Health and Human Services Secretary Tommy Thompson, often whispered to be headed back to Wisconsin, recently told his staff he was staying put. Environmental Protection Agency director Christie Whitman is said to be frustrated with her low-watt role inside the administration.

The White House has been at work for months on a new economic package centered on additional tax cuts for lower- and middle-income individuals, playing down the administration's earlier focus on business-side tax proposals to stimulate investment.

Other ideas on the table would be designed to encourage individual investors in the volatile stock market. Advisers are debating whether to time the plan's announcement around the president's State of the Union address in late January, or make it sooner to head off criticism.

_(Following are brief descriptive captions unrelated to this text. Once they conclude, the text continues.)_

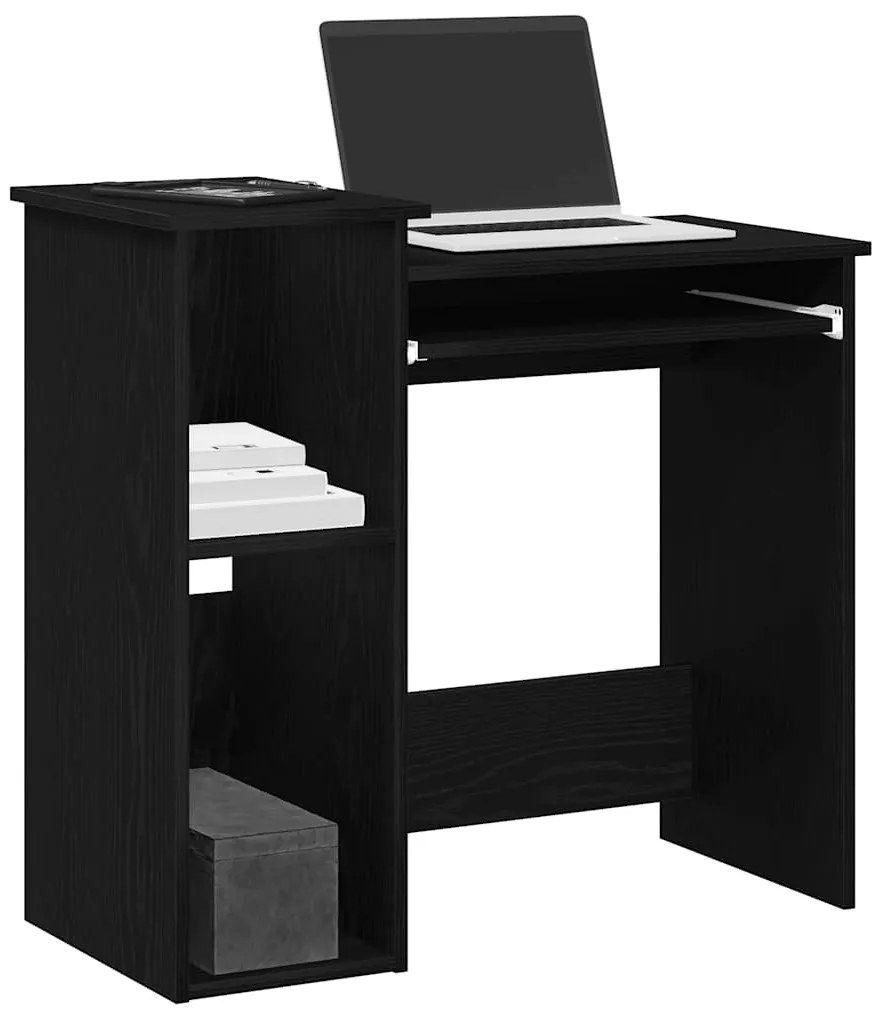 860446 vidaXL Бюро с рафтове, черно, 84x40x78 см, ПДЧ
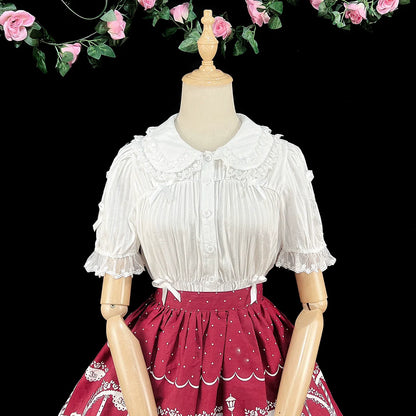 DMFS Lolita - Sweet Lolita Shirt Doll Collar Blouse High-waisted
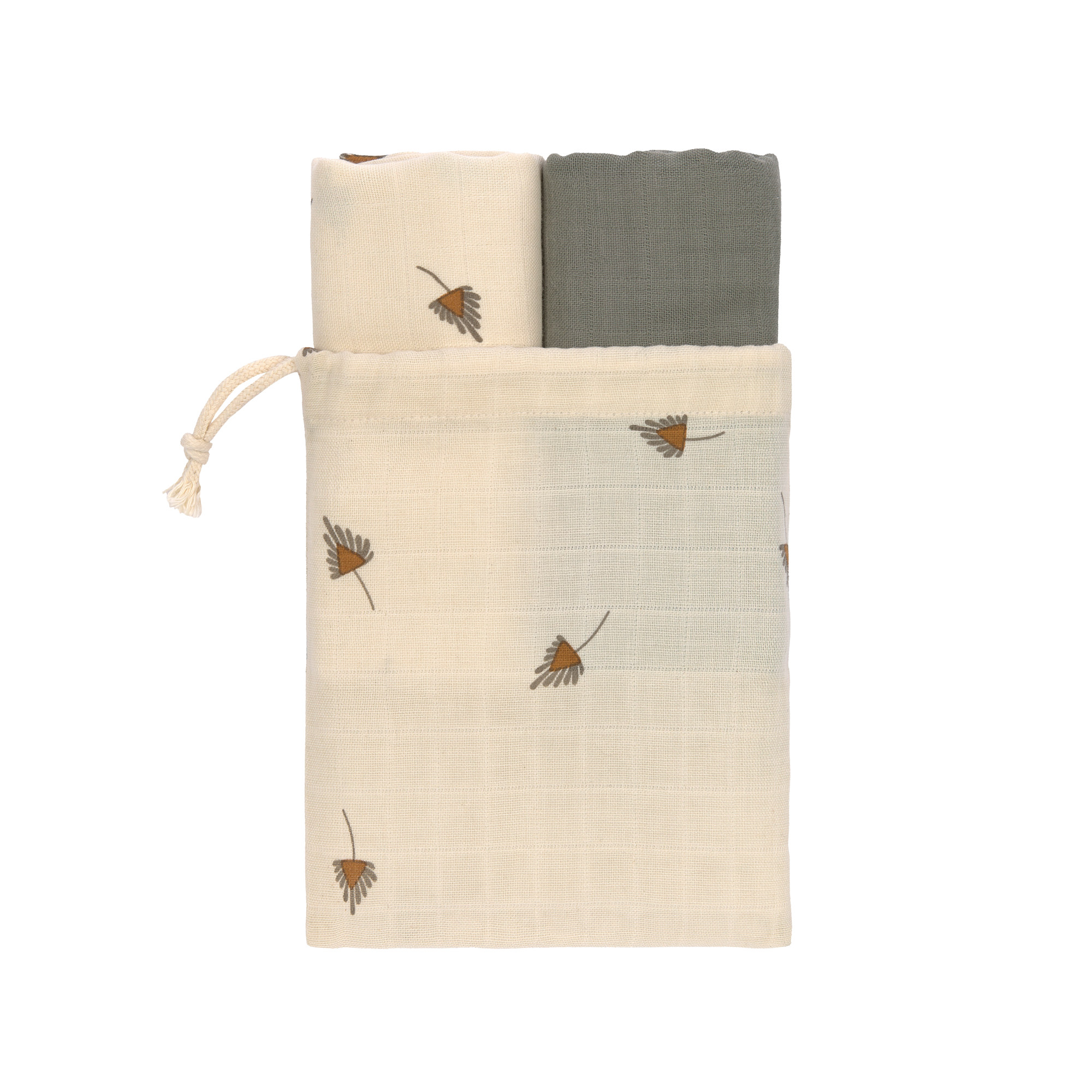 Mulltücher 2er Set M - Taupe, Grau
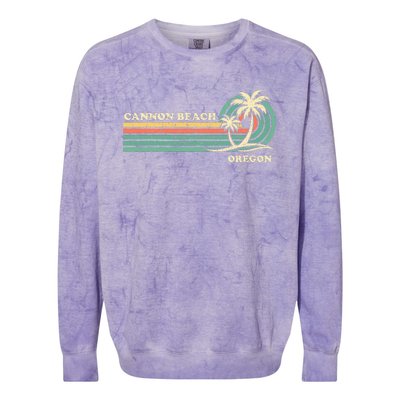 Vintage Summer Vacation Oregon Cannon Beach Colorblast Crewneck Sweatshirt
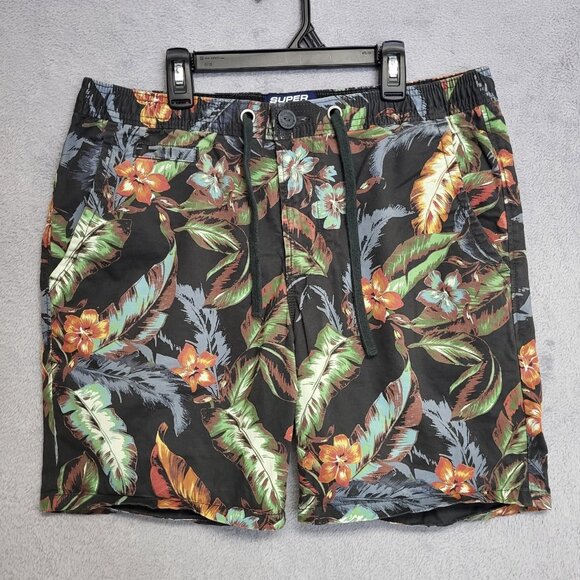 Superdry Shorts Mens Medium Sun Scorched Floral Drawstring 7" Inseam Casual - Picture 1 of 12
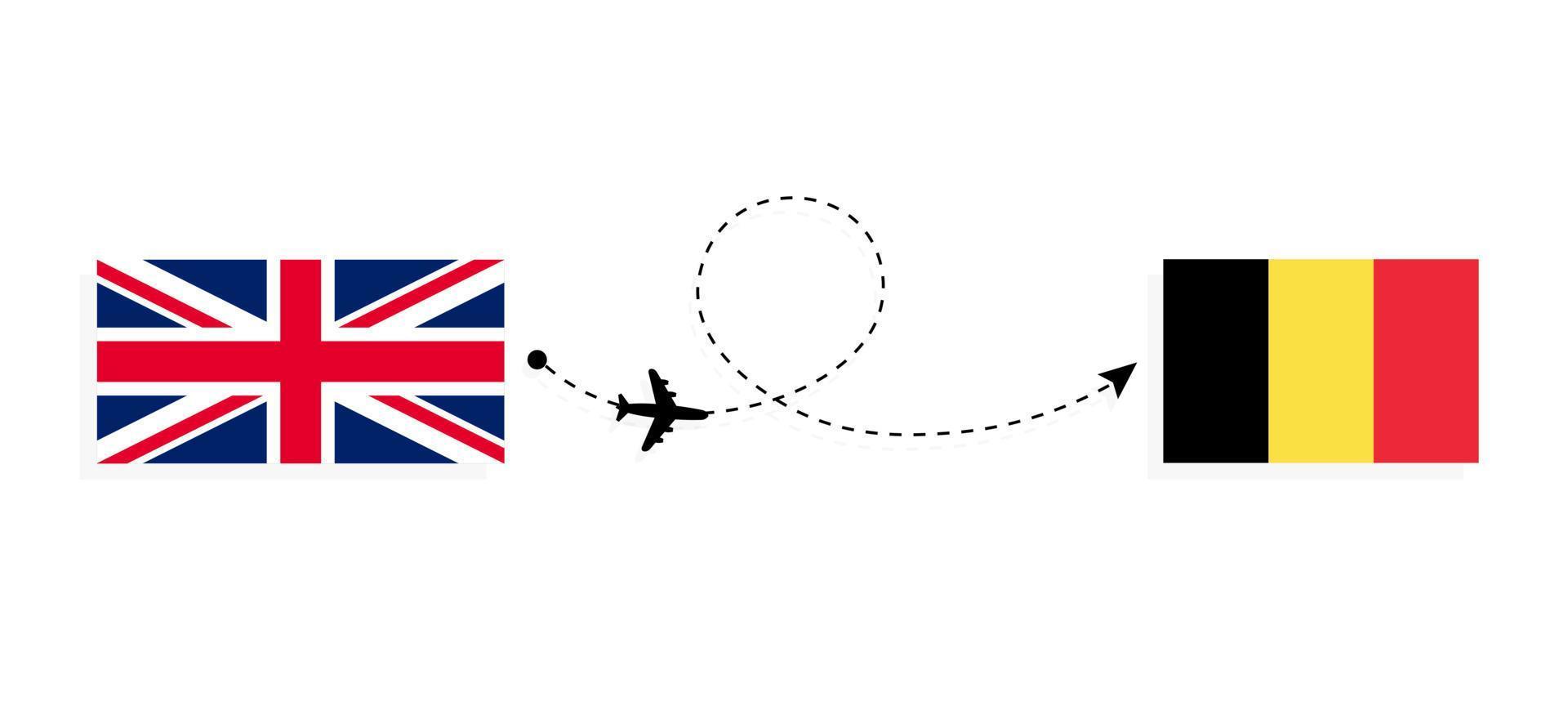 vlucht en reis van het verenigd koninkrijk van groot-brittannië naar belgië per passagiersvliegtuig reisconcept vector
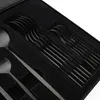 Dinnerware Sets Drmfiy 24pcs Knife Fork Spoon Set Matte Black Luxury Cutlery Stainless Steel Tableware Kitchen Flatware 230828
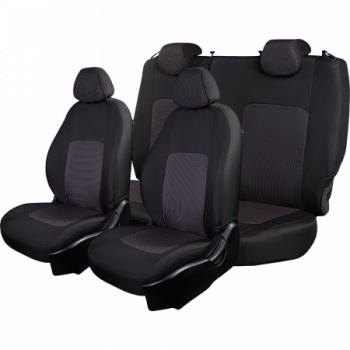 3 699 р. Комплект чехлов для сидений (РЗС 60/40 2Г жаккард) СТАНДАРТ Lord Autofashion KIA Rio 3 QB дорестайлинг седан (2011-2015) (черный, вставка Сеул красный, строчка черная)  с доставкой в г. Вологда. Увеличить фотографию 3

O'Neill's two years at Treasury were peppered with controversy. He touched off a furor when he said he would keep nearly $100 million worth of stock in his former company, Alcoa, after being named to the Cabinet post. Under fire by critics about potential conflicts of interest, he eventually reversed course and sold the stock.

As the president's chief economic spokesman, he was frequently criticized as being either too enthusiastic about the economy's prospects and the stock market or too ho-hum.

"I think Paul O'Neill was the Jimmy Carter of treasury secretaries," said economist Richard Yamarone of Argus Research Corp. "He was a good and honest man with good intentions, but he just didn't get the job done. I don't think the administration's economic message got out. "

At first O'Neill's unscripted utterances were like a bit of fresh air, economists said. But on a number of occasions they rattled rather than soothed markets and even made white House aides nervous.

During a stock slide in May, O'Neill was in Africa with rock singer Bono, calling attention to the problems of the world's poorest continent, when he got irked at questions about his effectiveness.

If people didn't like his work, he said, he didn't care. "I could be sailing around on a yacht or driving around the country," he said.